Highlights der beiden jeweils eine gute Stunde dauernden Scheiben sind für mich die eher Metal-lastigen Stücke, so natürlich direkt der Opener von CD 1, das tolle "Anteroom Of Death" – ein passender Einstieg. Auch die
Nightwish'sche Hymne "Nemo" von deren Album "Once", die ja bekanntermaßen weltweit auf Spitzenplätze geklettert ist. Logischerweise darf natürlich eine bombastische Adaption des "Phantom Of The Opera" nicht fehlen oder auch "Die Alive", das ebenso die klassischen Elemente des Symphonic Power Metal ausweist und in einem stark choral geprägten Part für eine tolle Einbindung des Publikums sorgt. Direkt danach folgt "Until My Last Breath", das ebenfalls die Publikumsreaktionen so eindeutig rüberbringt, dass man der Meinung sein könnte, man sei selbst dabei. Überhaupt gipfelt CD 2 in einem tollen Finale mit schier begeistertem Publikum. Es ist schon erstaunlich, wie es diese Sängerin schafft, den Bogen gerade nicht zu überspannen. Sopranistinnen können ja gern mal am Rande des Nervens entlang schliddern oder die Grenze auch überschreiten und alte Klassiker vollkommen überkitschen – nicht so unsere
Tarja hier. Noch nicht einmal das von mir sehr geliebte "Over The Hills And Far Away"
Gary Moores bekommt diesen Touch, es mündet ganz im Gegenteil in einem tollen Abschluss.

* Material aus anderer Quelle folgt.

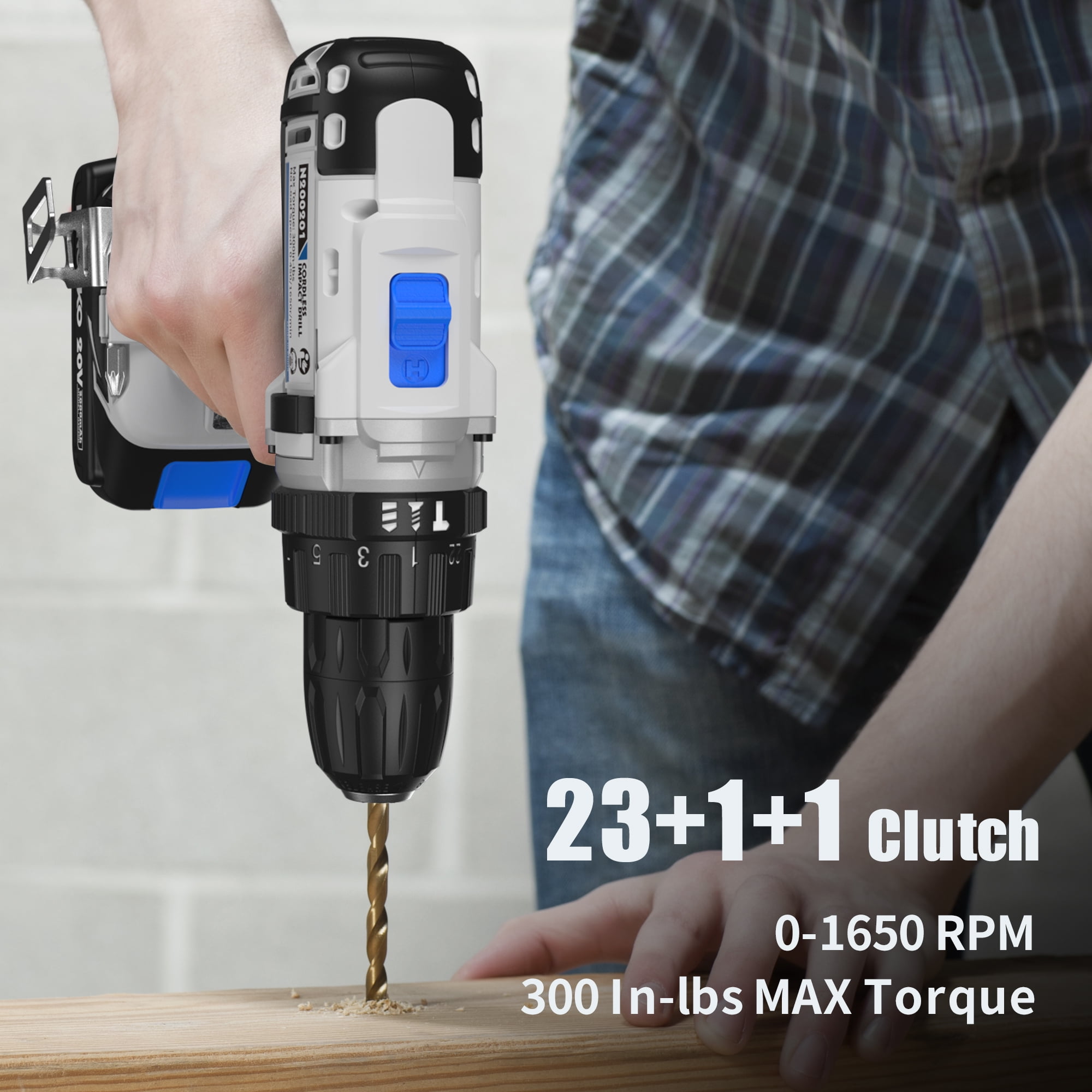 Ninouko 20-Volt Cordless Electric  1/2-inch Drill and Impact Driver Combo Kit  2Ah Lithium-Ion Battery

Ob und inwieweit diese beiden CDs den Konzertverlauf akkurat wiedergeben, lässt sich leider nicht erkennen, denn zwischen den einzelnen Songs wird leider immer wieder am Fade-Regler gespielt. Das kommt etwas nervig rüber und wäre in der Form sicherlich nicht nötig gewesen. Nachteil der mir vorliegenden Promo-Ausgabe ist zudem die Tatsache, dass keinerlei Angaben zu weiteren mitwirkenden Musikern ausgewiesen werden oder anderweitige Liner-Notes enthalten sind. Aber abgesehen davon gibt es weder an der Tracklist noch an der satten Produktion etwas zu meckern. Mir gefällt zudem, dass die Metal-Elemente dabei durchaus und eindrücklich zum Tragen kommen und der oft anhaftende Makel Tarjas, eine dieser nordischen Trällerelsen zu sein, Lügen gestraft wird. Zweifelsohne ein Konzert, das ich gern gesehen hätte und somit ist dies hier eine Live-Scheibe, die bei mir noch länger ganz weit vorne im Regal stehen wird – saubere Leistung, darf man unbesehen kaufen!